Anastasia, dans 50 nuances de gris, a une déesse intérieure; moi j’ai une discrète petite voix dédaigneuse. Je vous présente donc ma petite voix interne. Celle qui me dit parfois de faire plus de sport, ou de manger moins de biscuits. Celle qui est gênée de mes poignées d’amour et de mes pieds dodus. Celle qui m’en veut quand je me « laisse aller » et gagne en masse. Celle qui m’accompagne à la plage et dans les soirées quand je porte une robe moulante.

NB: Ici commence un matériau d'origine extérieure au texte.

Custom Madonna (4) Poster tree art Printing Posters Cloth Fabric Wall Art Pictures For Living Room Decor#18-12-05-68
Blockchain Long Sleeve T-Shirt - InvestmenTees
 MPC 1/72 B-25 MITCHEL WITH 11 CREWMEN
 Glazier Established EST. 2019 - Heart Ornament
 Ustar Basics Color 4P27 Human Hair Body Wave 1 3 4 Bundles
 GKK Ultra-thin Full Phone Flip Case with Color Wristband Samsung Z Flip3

Pourtant, si vous me connaissiez, vous penseriez que j’ai une estime incroyable et que je suis très confortable dans ma peau. Et c’est vrai! Ou ça paraît vrai. J’essaie constamment de dégager une assurance et un amour envers mon corps. Je le proclame haut et fort que j’aime mes fesses proéminentes et mes gros jambons (des cuisses prêtes à rôtir!). Et je suis véritablement confortable dans mon corps. Ça n’empêche quand même pas cette petite voix de me dire parfois que je devrais cacher mon ventre ou que je pourrais travailler sur mes bras pour avoir moins de « gras de bye bye ».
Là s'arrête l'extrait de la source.